By Mike Pallin, President of The Floyd Wickman Team One of Floyd’s more famous sayings is, “There’s nothing special about special people. It’s what they do that makes them special.”
If I could be allowed, I would add my opinion that there’s nothing special about most special people. Some rare and unique individuals actually are born special. (Like Dominico Siciliano!) They are just born with an indescribable something that sets them apart from most of us ordinary folk. It could be called luck, or charisma, or personality, or gift of gab, or silver spoon - but success appears to come easily to them.
They don’t need training. They don’t need management. They don’t need motivation. They don’t need direction. And they don’t need to develop character. It all just happens for them.
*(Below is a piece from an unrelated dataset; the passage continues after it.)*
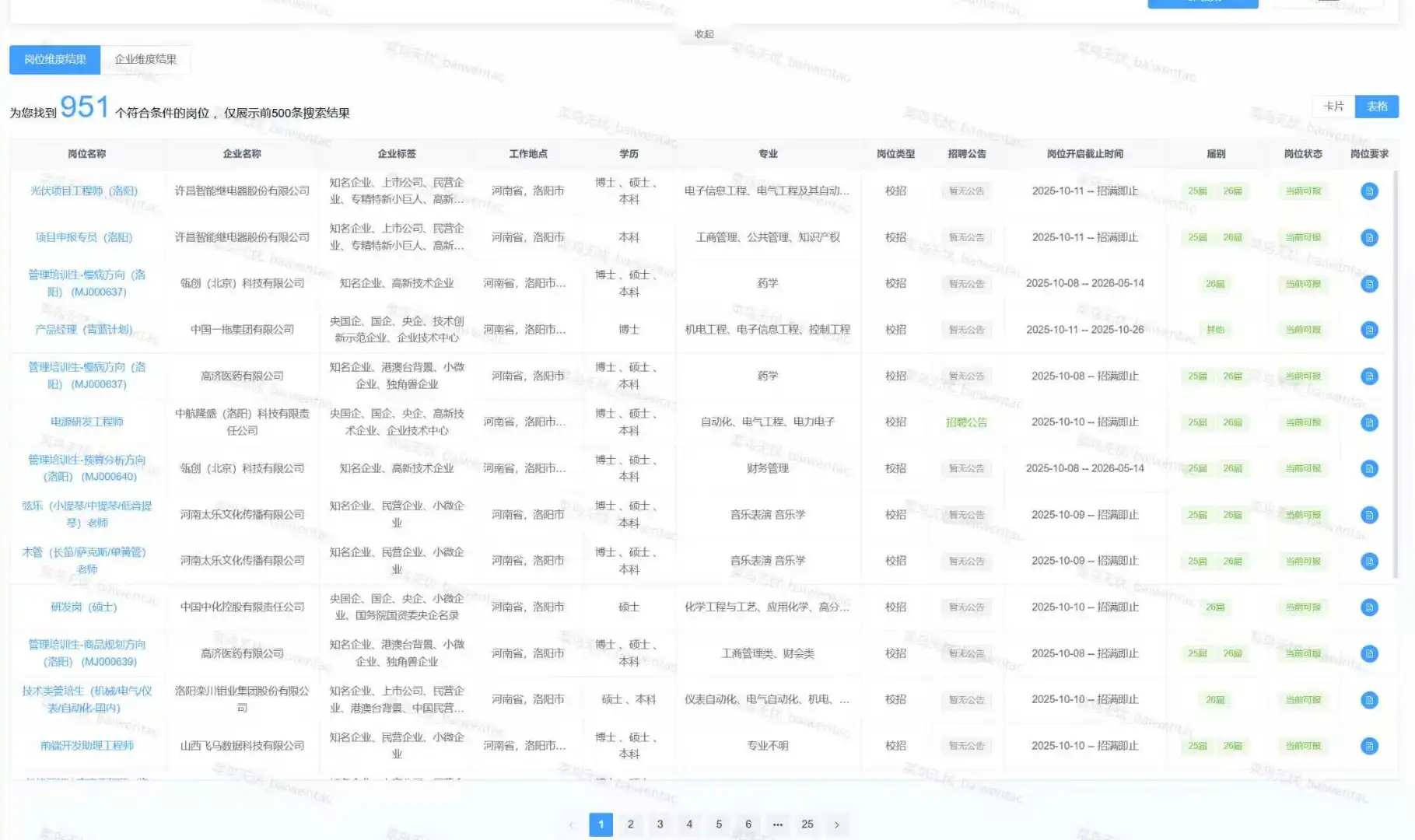1127最新 洛阳市央国企人才引进计划公告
They are one in a million.
If you are recruiting salespeople and one of these “naturals” falls into your lap, the smartest thing you can do is stay out of their way and do your best to keep them happy. Most importantly, keep in mind that these rare birds are the exception and not the rule. They are extraordinary. Look instead for the ordinary characteristics of successful people in your recruits, and help them apply these traits to the practice of real estate.
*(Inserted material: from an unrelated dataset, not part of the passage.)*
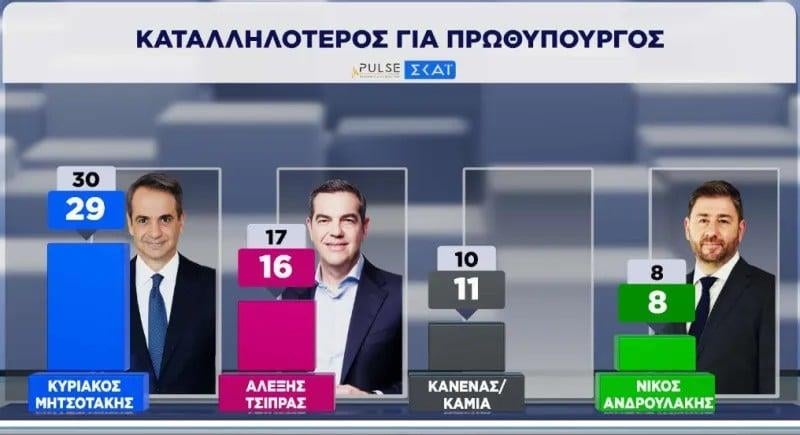Πρωθυπουργός Πρωθυπουργός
There are three qualities that stand out in ordinarily successful salespeople, and they are easy to spot when evaluating talent for your team. Success in real estate has nothing to do with age, race, gender, height, weight, looks, education, experience, IQ or birth sign. It does have to do with characteristics.
The first of these is reliability, something which cannot be taught or instilled in someone. It is either there or it isn’t.
Do they show up on time for the interview? Do they do their homework between interviews? Do they return your call or email or text? This may sound simple, but more business is lost due to a lack of reliability than for any other reason. Ask them for, and look for, evidence of reliability in their past.
An unreliable hire will cause you to spend half your life wondering where they are, apologizing for them, and cleaning up the mess they leave in their wake.
The second characteristic to look for is persistence. This one can’t be taught either. The rule of thumb in life, and especially in sales, is that persistence wins out over most difficulties. Persistence is about resiliency, the ability to bounce back quickly and not stay stopped by challenges, problems and obstacles. Persistence is about a willingness to keep trying even when you don’t feel like it. And persistence is about handling rejection with emotional maturity.
Managing someone without persistence will require you to have a Masters degree in psychology and a PhD in motivation. Look for evidence of challenges met, obstacles overcome and problems solved in their past.
And the final characteristic or ordinary success is nice. Nice means pleasant. Affable. Likeable. Happy. Nice salespeople show that they care. Nice people are good company. Nice people are givers. Mean and grumpy will succeed, but only short term. And nice balances out the rough edges that can come with being persistent.
Real estate needs more nice people. Add persistent and reliable to nice, and you have a recipe for ordinary success.